Your cable company will have its own ISP Provider. No need to even consider aol that is a lost puppy that is about to go down anyways, now they are a separate company again I can't think they will be around much longer.


----------



## Kung (Jan 19, 2004)

Yeah, forget AOL. Personally, if I had the choice between cable or DSL, I'd go with cable. It's theoretically a bit faster than DSL.


----------



## mnn2501 (Apr 2, 2008)

suitcase_sally said:


> If I get cable, do I still need AOL (ISP)?


 No, you would not need AOL.


----------



## arabian knight (Dec 19, 2005)

Yes AOL is on its last gasp for air. Can't seeing them last very long at all now.


----------



## suitcase_sally (Mar 20, 2006)

Well, I contacted HP and they gave me information on a USB modem. I can get it from them for $40 or many other places for as little as $21.

I still think I will consider the cable.

Thanks for all the help, guys (and gals - everybody is a "guy" to me!)


----------



## Kung (Jan 19, 2004)

I would absolutely consider cable, especially if it's not terribly expensive. The cheapest dialup you'll find (that's decent) is probably $15 or $20. I estimate cable will be anywhere from $40 to $55.

So for 2.5x the price, you'll literally get hundreds to thousands of times more speed.

As far as AOL goes, AOL is both what I'd call a 'web portal' and an ISP (internet service provider). An ISP's primary job is to provide you with access to the internet. A web portal gives you all sorts of information. Most ISPs do provide both web access and a web portal (for instance, I have Windstream DSL, and their 'web portal' is www.windstream.net). Some of the cheaper ISPs have a crappy web portal - or none at all - and just give you internet access.


----------



## OntarioMan (Feb 11, 2007)

Cable companies often offer different "packages" based on speeds. Here, its called "Internet Lite" - which is the slowest, cheapest package. Its around $20 per month and about 5x faster than dialup modem.

Hate to say it, but Internet via 56k modem is getting more and more useless everyday - you really do miss out on much which the Internet has to offer.

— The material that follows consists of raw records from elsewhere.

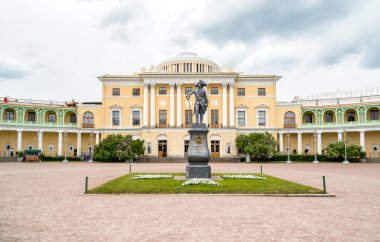 İmparator Paul anıt Meydanı Pavlovsk Sarayı üzerinde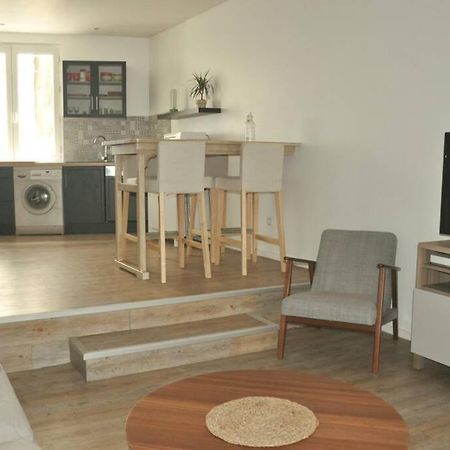 Duplex Avec Belle Terasse Au Centre De Bayonne Appartement Buitenkant foto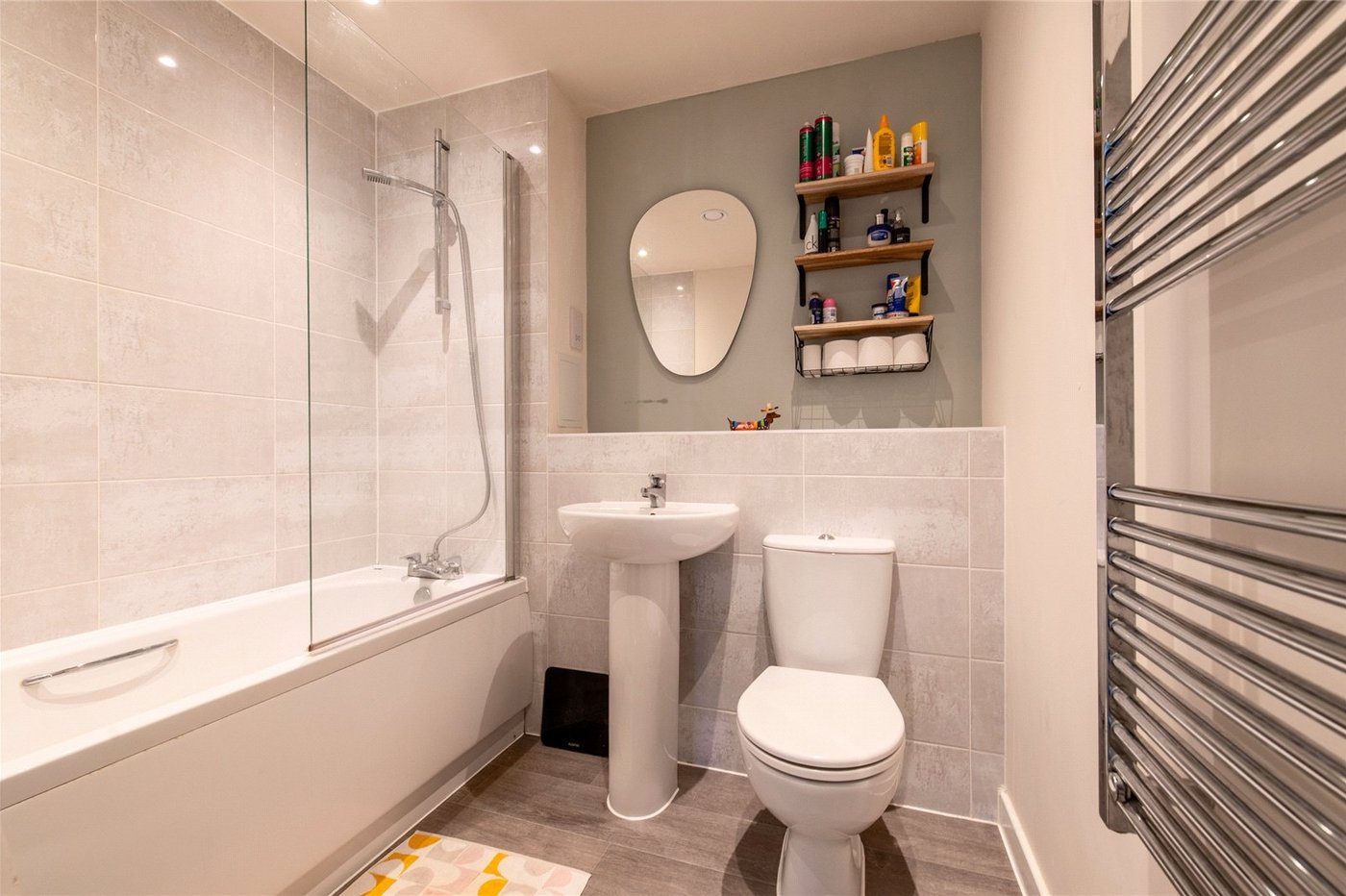 2 bedroom property for sale in Northfleet | Robinson Michael & Jackson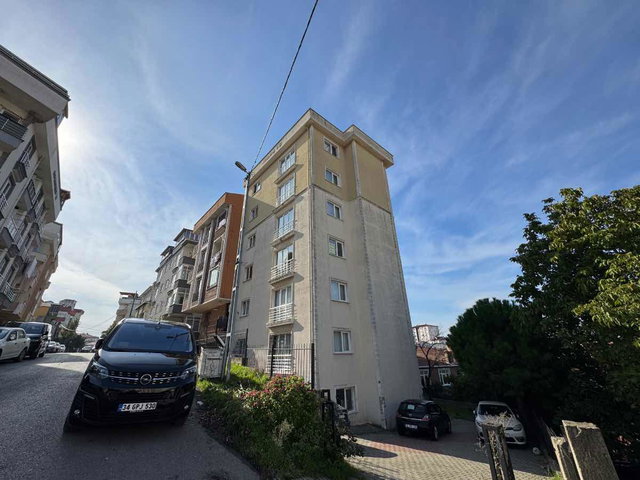 AHMET YESEVİDE İSKANLI BALKONLU 2+1 DAİRE
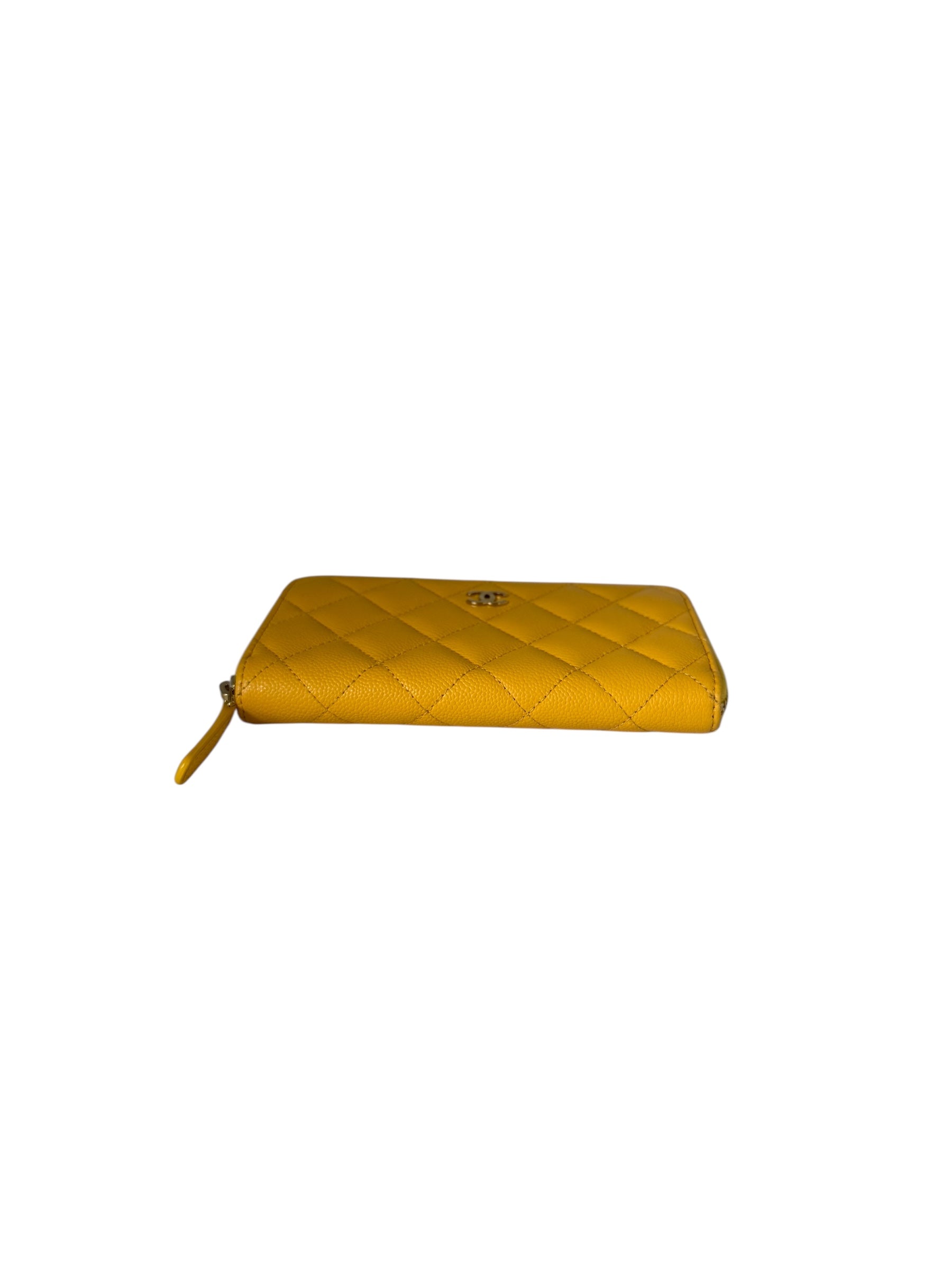 Cartera Caviar Amarilla
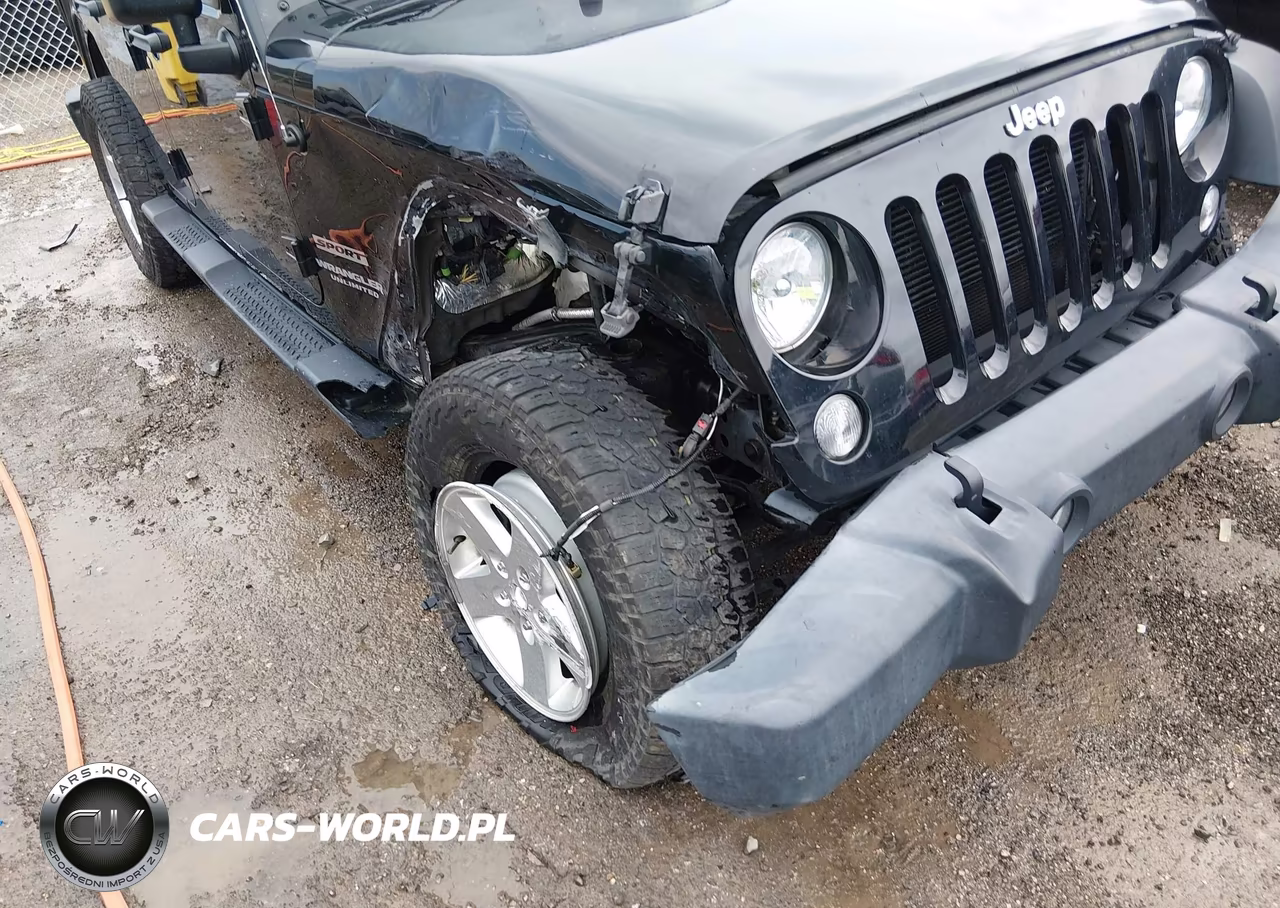 2015 Jeep Wrangler Unlimited Sport VIN:1C4BJWDGXFL577724 - 6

I watch TV, live sporting events, watch instructional videos, etc. etc. Ya can't do that on 56k. Even the size of software updates, patches, service packs etc. are now so large that geting them on a dialup modem would take almost forever.


----------



## suitcase_sally (Mar 20, 2006)

You are absolutely right. I can't watch any videos, go to any Facebook-like sites or download music because of the speed thing.


----------



## arabian knight (Dec 19, 2005)

suitcase_sally said:


> You are absolutely right. I can't watch any videos, go to any Facebook-like sites or download music because of the speed thing.


If you really wanted to watch something like on You tube.
Just start the video and then put it on Pause~! It will continue to load as you do other things. Come back later after it has "loaded" and then view it.


----------